Records for this exercise:

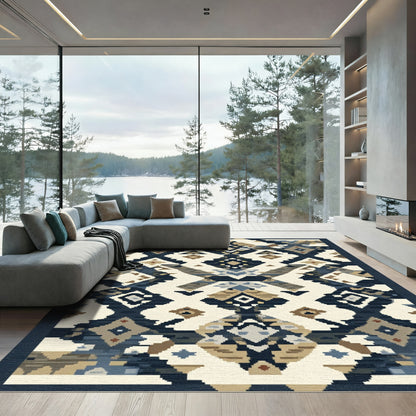 Abstract Geometric Tribal Cream Blue Rug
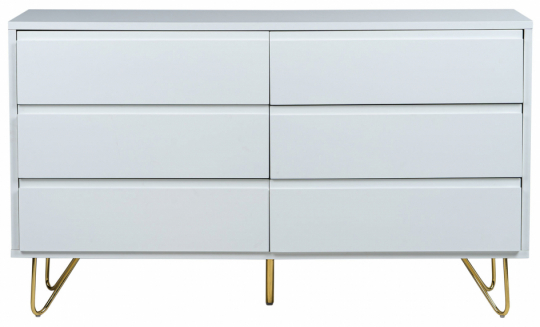 Cassettiera 'Elle' 120x70 - Bianco/Ottone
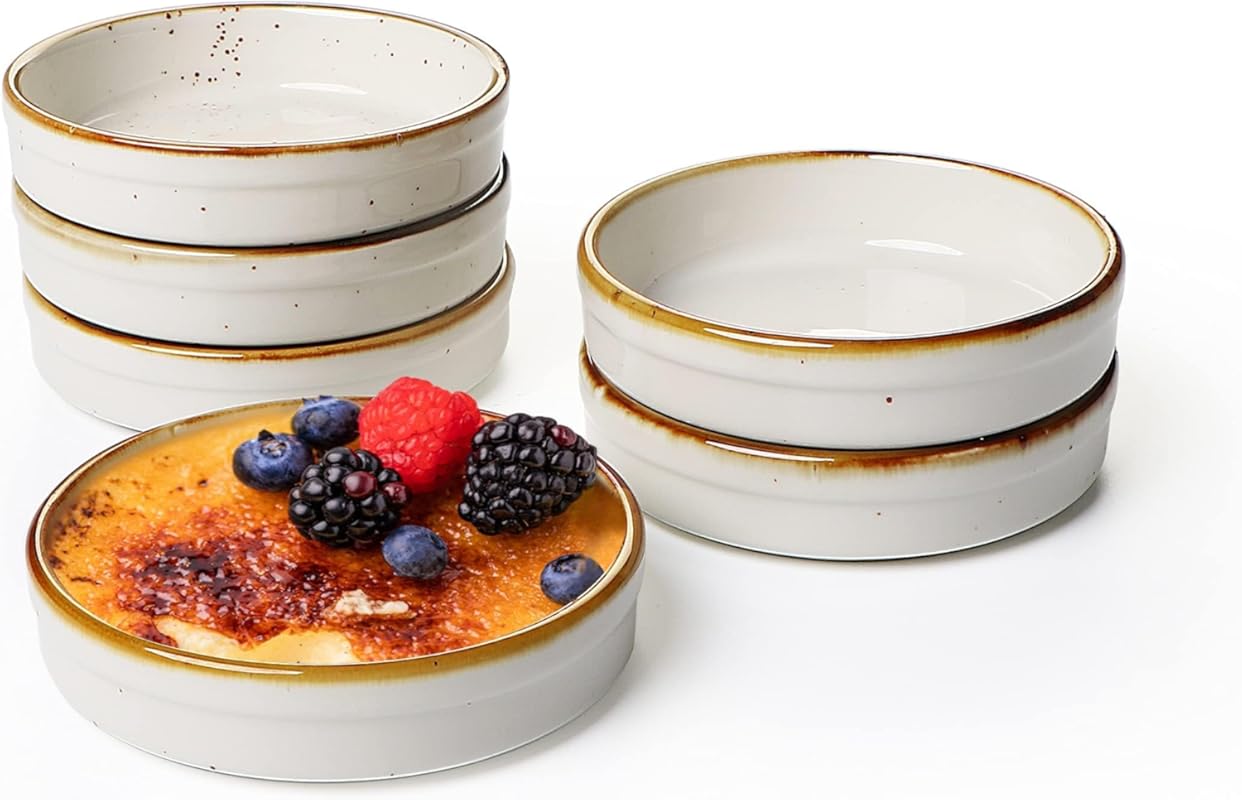 ONEMORE 4 oz Shallow Ramekins – Set of 6 Oven Safe Dishes for Creme Br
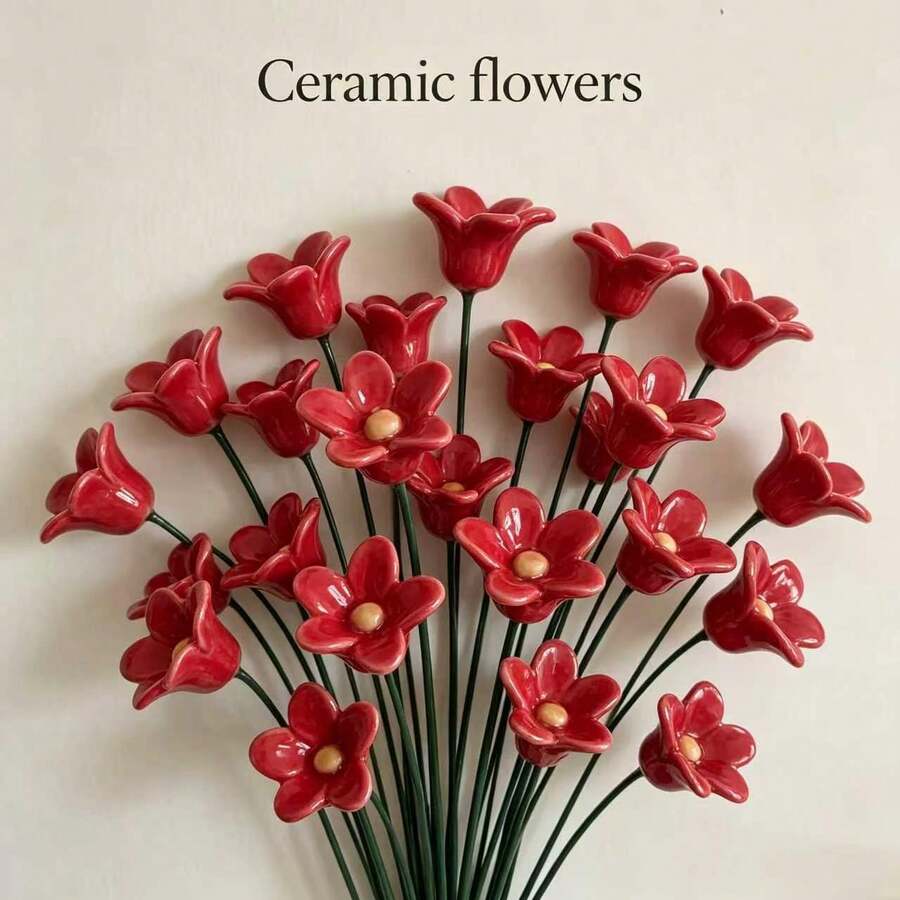 6pcs/10pcs Handmade Ceramic Artificial Flowers, Home Decor, Vase Arrangement, Suitable For Living Room, Garden Decoration, Ceramic Floral Decor, Ideal Gift And Wedding Decoration. Timeless Elegant Design, Easy To Clean And Reusable.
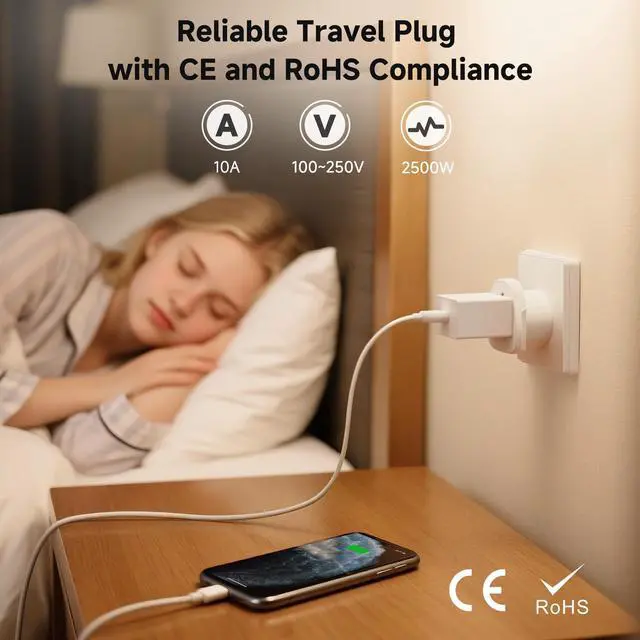Alt view image 4 of 7 - Universal Travel Adapter, World to US Plug Adapter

Instructions for the task:
Write out again, exactly, each line from the one with "6pcs/10pcs Handmade Ceramic" to the end of the entries. No pictures go in.

Problem solution:
 6pcs/10pcs Handmade Ceramic Artificial Flowers, Home Decor, Vase Arrangement, Suitable For Living Room, Garden Decoration, Ceramic Floral Decor, Ideal Gift And Wedding Decoration. Timeless Elegant Design, Easy To Clean And Reusable.
Alt view image 4 of 7 - Universal Travel Adapter, World to US Plug Adapter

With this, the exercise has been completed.